ANRE. Vers une refonte de la gouvernance du secteur énergétique…
Les prérogatives actuelles de l’Autorité nationale de régulation de l’électricité se limitent à la fixation des prix d’interconnexion avec le réseau, la rémunération de l’opérateur système (ONEE) ainsi que le timbre de transport dans les réseaux. Elle publie aussi les capacités des réseaux à accueillir de nouvelles capacités renouvelables.
Mis en place en mai 2016, le régulateur n’est entré effectivement en action qu’en avril 2021, soit 6 mois après l’entrée en fonction effective de ses organes. En effet, selon la loi l’instituant (la loi 48-15), c’est le délai de rigueur fixé par le législateur. Une entrée en fonction qui est intervenue plus de 3 ans après la nomination du président de l’autorité en aout 2018.
Au début, une recommandation du Nouveau modèle de développement
« C’est une des recommandations de la commission du nouveau modèle de développement. Nous l’avions d’ailleurs reprise dans notre premier rapport », explique un des membres de l’autorité ayant souhaité garder l’anonymat. Et d’ajouter que « face à l’immobilisme du gouvernement pour mettre en œuvre cette recommandation, c’est le roi qui a pris les devant en remettant cette réforme en haut des priorités ». Pour lui, dès le premier rapport de l’Autorité en 2021, la nécessité de renforcer ses prérogatives a été soulignée par ses membres.
Selon lui, la refonte de l’ANRE devrait concerner son périmètre d’action ainsi que le renforcement de ces attributions, notamment en intervenant sur la fixation de la tarification des prix de l’électricité.
Une conviction partagée par un haut cadre du secteur électrique tout en nuançant ce propos. Pour lui, « l’élargissement du périmètre devrait normalement aboutir à sortir de la logique réglementée des tarifs. Le régulateur devra avoir un avis sur les tarifs de ventes ce qui n’est pas le cas aujourd’hui ».

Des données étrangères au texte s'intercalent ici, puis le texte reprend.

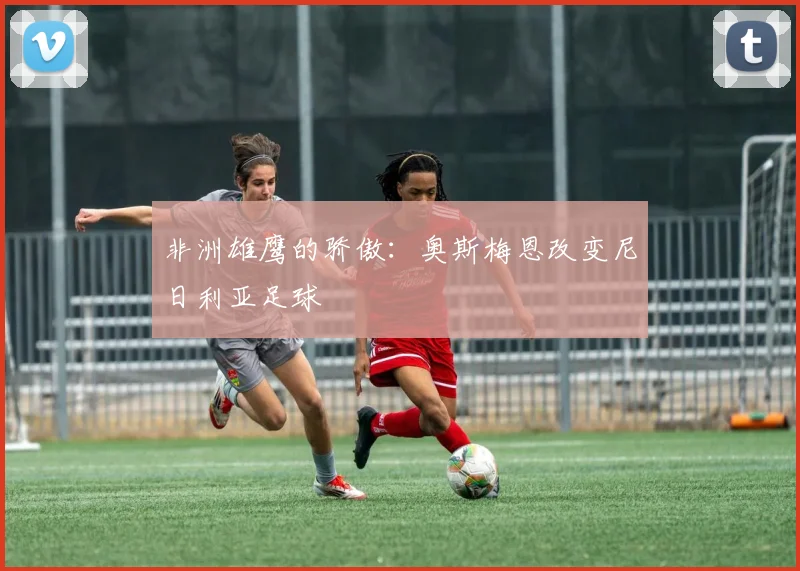 非洲雄鹰的骄傲：奥斯梅恩改变尼日利亚足球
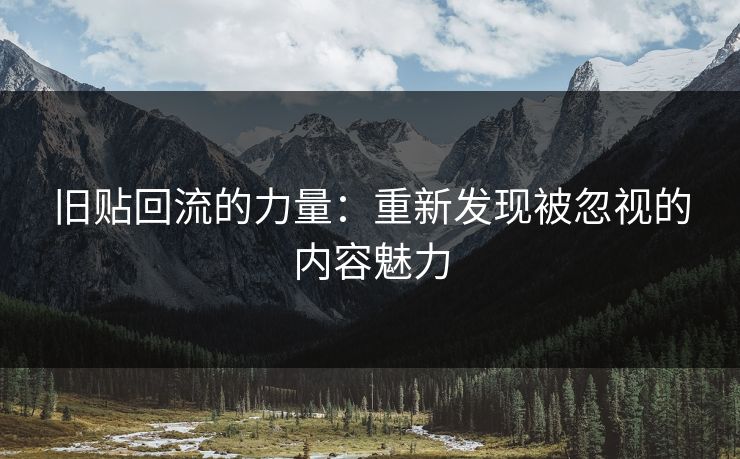 旧贴回流的力量：重新发现被忽视的内容魅力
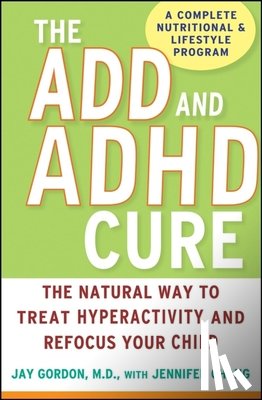 Gordon, Jay - ADD & ADHD CURE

Toutefois, selon un économiste de l’énergie contacté par Médias24, cette intervention est difficile à mettre en œuvre. « Aujourd’hui, les tarifs de l’électricité sont bloqués par un certain nombre d’entraves, notamment les prix d’achat, qui sont largement définis par les contrats d’achat d’électricité (PPA, Power Purchase Agreements) signés par l’ONEE et MASEN qui définissent en gros le tarif ».
Pour rappel, et comme décrit par le rapport du Conseil de la Concurrence sur le secteur de l’électricité, le marché libre de l’électricité [c’est-à-dire en dehors de la production électrique propre de l’ONEE (20%) et les PPA (71.5%)] représente à peine 8% de l’ensemble de consommation nationale. Faudra-t-il alors renégocier les PPA ou les racheter comme recommandé par le Conseil de la Concurrence pour libéraliser le marché ? Auquel cas, qui prendrait en charge cet investissement ?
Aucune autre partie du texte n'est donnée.